Baru-baru ini, Uni Eropa mengenakan bea masuk sebesar 8-18 persen untuk produk biodiesel asal Indonesia. Kebijakan itu berlaku sementara per 6 September 2019, dan ditetapkan secara definitif per 4 Januari 2020 dengan masa berlaku selama 5 tahun.
Biodiesel Indonesia dikenai bea masuk karena UE menuding Indonesia menerapkan praktik subsidi untuk produk bahan bakar nabati berbasis minyak kelapa sawit (crude palm oil/CPO) itu. Pengenaan tarif impor ini merupakan buntut dari sengketa biodiesel antara Indonesia dan UE selama 7 tahun terakhir.
Persoalan sengketa sawit dengan Uni Eropa bukan baru kali ini terjadi. Kala menyadari minyak nabati negaranya kalah saing, Darmin mengatakan Uni Eropa langung melayangkan gugatan ke Organisasi Dagang Dunia alias World Trade Organization atau WTO.
Tuduhan yang disampaikan sama, bahwa Indonesia memberi subsidi kepada industri sawit melalui Badan Pengelola Dana Perkebunan Sawit. "Kita ke WTO dan pada 2018 menang, bagaimana bisa BPDP disebut subsidi? Itu kan kita pungut dan ada akuntasinya benar," kata Darmin. Uni Eropa, kata dia, tak bisa membuktikan Indonesia memberi subsidi terhadap sawit.

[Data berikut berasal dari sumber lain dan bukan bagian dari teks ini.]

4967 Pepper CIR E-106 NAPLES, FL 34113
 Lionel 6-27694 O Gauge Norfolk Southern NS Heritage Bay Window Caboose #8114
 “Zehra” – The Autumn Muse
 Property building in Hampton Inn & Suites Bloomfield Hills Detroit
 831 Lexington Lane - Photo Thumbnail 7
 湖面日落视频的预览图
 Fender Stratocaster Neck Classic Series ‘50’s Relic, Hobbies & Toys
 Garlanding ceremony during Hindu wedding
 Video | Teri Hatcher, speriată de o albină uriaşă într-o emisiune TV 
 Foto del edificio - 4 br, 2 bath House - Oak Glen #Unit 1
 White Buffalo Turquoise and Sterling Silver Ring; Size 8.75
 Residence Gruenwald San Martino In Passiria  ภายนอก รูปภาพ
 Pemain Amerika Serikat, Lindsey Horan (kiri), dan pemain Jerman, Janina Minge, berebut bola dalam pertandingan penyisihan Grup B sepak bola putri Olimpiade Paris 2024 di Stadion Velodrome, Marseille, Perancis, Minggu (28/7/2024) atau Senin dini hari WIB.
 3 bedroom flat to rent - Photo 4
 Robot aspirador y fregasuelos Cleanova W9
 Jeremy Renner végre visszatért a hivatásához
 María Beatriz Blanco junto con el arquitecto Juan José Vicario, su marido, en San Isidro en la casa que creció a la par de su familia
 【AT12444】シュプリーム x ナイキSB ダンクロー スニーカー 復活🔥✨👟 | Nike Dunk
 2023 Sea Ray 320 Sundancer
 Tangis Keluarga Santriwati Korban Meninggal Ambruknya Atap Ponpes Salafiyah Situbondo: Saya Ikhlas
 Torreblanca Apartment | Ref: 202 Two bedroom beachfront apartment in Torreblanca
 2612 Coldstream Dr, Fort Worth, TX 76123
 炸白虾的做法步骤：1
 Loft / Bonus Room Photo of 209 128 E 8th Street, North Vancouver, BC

Lolos dari tuduhan itu, Uni Eropa kembali melakukan upaya membatasi masuknya produk kelapa sawit dengan penerapan RED II. Hal yang dipermasalahkan adalah lantaran perkebunan kelapa sawit disebut tumbuh di atas perubahan penggunaan lahan dan merusak lingkungan. Sehingga, produk sawit masuk ke dalam risiko tinggi.